(Stored items from a collection)
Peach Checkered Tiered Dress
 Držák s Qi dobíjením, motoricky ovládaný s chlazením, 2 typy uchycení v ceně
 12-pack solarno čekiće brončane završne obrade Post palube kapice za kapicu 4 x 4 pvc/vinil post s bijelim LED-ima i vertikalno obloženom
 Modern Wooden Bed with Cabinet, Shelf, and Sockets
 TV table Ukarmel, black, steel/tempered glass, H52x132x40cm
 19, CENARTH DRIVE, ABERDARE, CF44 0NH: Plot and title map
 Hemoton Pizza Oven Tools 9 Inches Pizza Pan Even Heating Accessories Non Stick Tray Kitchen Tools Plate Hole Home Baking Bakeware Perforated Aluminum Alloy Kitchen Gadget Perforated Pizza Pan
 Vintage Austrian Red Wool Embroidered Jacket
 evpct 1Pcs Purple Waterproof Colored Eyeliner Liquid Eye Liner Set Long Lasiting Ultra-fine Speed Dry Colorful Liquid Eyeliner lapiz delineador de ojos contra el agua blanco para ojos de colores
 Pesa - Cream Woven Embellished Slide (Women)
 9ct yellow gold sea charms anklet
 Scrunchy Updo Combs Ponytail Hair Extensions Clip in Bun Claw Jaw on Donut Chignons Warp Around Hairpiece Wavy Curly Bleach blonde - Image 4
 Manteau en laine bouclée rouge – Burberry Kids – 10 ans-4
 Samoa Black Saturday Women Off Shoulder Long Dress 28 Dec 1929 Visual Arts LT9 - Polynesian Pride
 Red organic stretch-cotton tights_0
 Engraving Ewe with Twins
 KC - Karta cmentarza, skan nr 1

Work task: Every line from the one that contains "Držák s Qi dobíjením, motoricky" down to and including the last line of the records above must be set down exactly, with nothing else.

Result:
 Držák s Qi dobíjením, motoricky ovládaný s chlazením, 2 typy uchycení v ceně
 12-pack solarno čekiće brončane završne obrade Post palube kapice za kapicu 4 x 4 pvc/vinil post s bijelim LED-ima i vertikalno obloženom
 Modern Wooden Bed with Cabinet, Shelf, and Sockets
 TV table Ukarmel, black, steel/tempered glass, H52x132x40cm
 19, CENARTH DRIVE, ABERDARE, CF44 0NH: Plot and title map
 Hemoton Pizza Oven Tools 9 Inches Pizza Pan Even Heating Accessories Non Stick Tray Kitchen Tools Plate Hole Home Baking Bakeware Perforated Aluminum Alloy Kitchen Gadget Perforated Pizza Pan
 Vintage Austrian Red Wool Embroidered Jacket
 evpct 1Pcs Purple Waterproof Colored Eyeliner Liquid Eye Liner Set Long Lasiting Ultra-fine Speed Dry Colorful Liquid Eyeliner lapiz delineador de ojos contra el agua blanco para ojos de colores
 Pesa - Cream Woven Embellished Slide (Women)
 9ct yellow gold sea charms anklet
 Scrunchy Updo Combs Ponytail Hair Extensions Clip in Bun Claw Jaw on Donut Chignons Warp Around Hairpiece Wavy Curly Bleach blonde - Image 4
 Manteau en laine bouclée rouge – Burberry Kids – 10 ans-4
 Samoa Black Saturday Women Off Shoulder Long Dress 28 Dec 1929 Visual Arts LT9 - Polynesian Pride
 Red organic stretch-cotton tights_0
 Engraving Ewe with Twins
 KC - Karta cmentarza, skan nr 1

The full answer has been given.